As Pink and other experts on chronemics note, we think of time as something that happens to us, as if all we can do is survive within it. In fact, “time” itself is a human invention, one we’re still tweaking. While we can’t ignore it, we can, to a degree, purposefully synch our internal clock with that of the outside world by choosing the right task for the right moment. We ought to make timing far more intentional in our lives, Pink believes.
And you would, too, if you read the studies he details on how judges are far more likely to grant prisoners parole in the mornings and after breaks, or how students score better in math tests when they study math in the morning. According to one large textual analysis of company earnings calls, those that report earnings in the a.m. have been found to use more upbeat language than those who report in the p.m., when more negative language seeps into the report. What’s more, the tone of morning and evening calls was found to, temporarily, affect stock prices.
As he worked on When, Pink began to apply his newly acquired knowledge to his own life. For instance, he learned that our mood and thinking styles follow a common trajectory: our ability to focus and analyze things peaks in the late morning, plummets in the afternoon, and recovers in the late afternoon and evening, when we’re less vigilant, in a good mood, and therefore primed to think creatively. (This is true for the majority of adults, but not for night owls who are typically at their mental prime in the evening.)
Being essentially a morning person, Pink rearranged his day accordingly. “I carved out my morning so that I didn’t answer emails, turned off my phone, and didn’t schedule any kinds of appointments,” he says, adding “I probably wrote 90% of this book in the morning.”
“Then I tried to shift all the crappy administrative stuff to the that trough in the afternoon,” he says. “And I did a lot of the interviews in the late afternoon, because a lot them were freewheeling.” He was not, he points out, a lawyer conducting a deposition, trying to suss out inconsistencies in someone’s testimony. That would have been a peak-hours task.
Pink also broke a bad habit: “I was always someone who believed in both the efficiency and moral virtue of powering through,” he says. ”Now, I write down each afternoon two breaks that I’m going to take, something like a 10- or 15-minute walk twice in the afternoon.” (The science of maximizing the power of breaks is given a full chapter in When.)

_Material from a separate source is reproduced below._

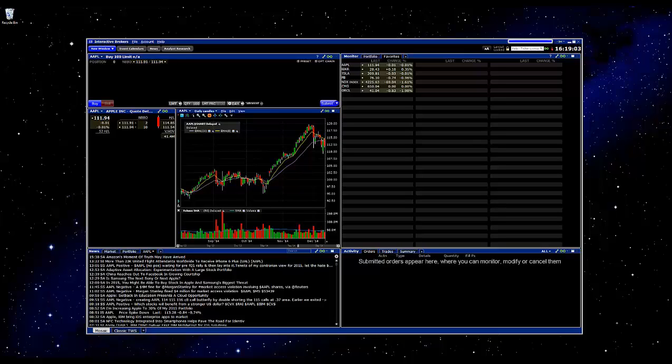In this video I'm going to explain how to set custom alerts in Interactive Brokers. For those of you who are not familiar with the platform, when you initially launch this is their mosaic view, and what we're going to take a look at is here in the chart.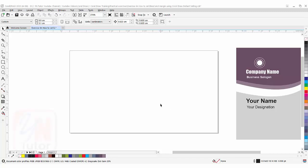Hi guys, this is lesson number 64 from our CorelDRAW training course series. In this exercise we are going to learn how to set the guideline for margin and bleeding using default setting in CorelDRAW.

He became a convert, he says, finding he’d “go back to the desk, ready to do more work, rather than rubbing my eyes and shaking my head, and wondering what moment I’m going to be able to look at ESPN highlights.”
The result? ”Shockingly, as a writer, I didn’t always make my deadlines” for other books, he says. But this one got turned in on time.
None of this made the writing of When less painful. “Pain is omnipresent when you write,” he says, “but it was more efficient.”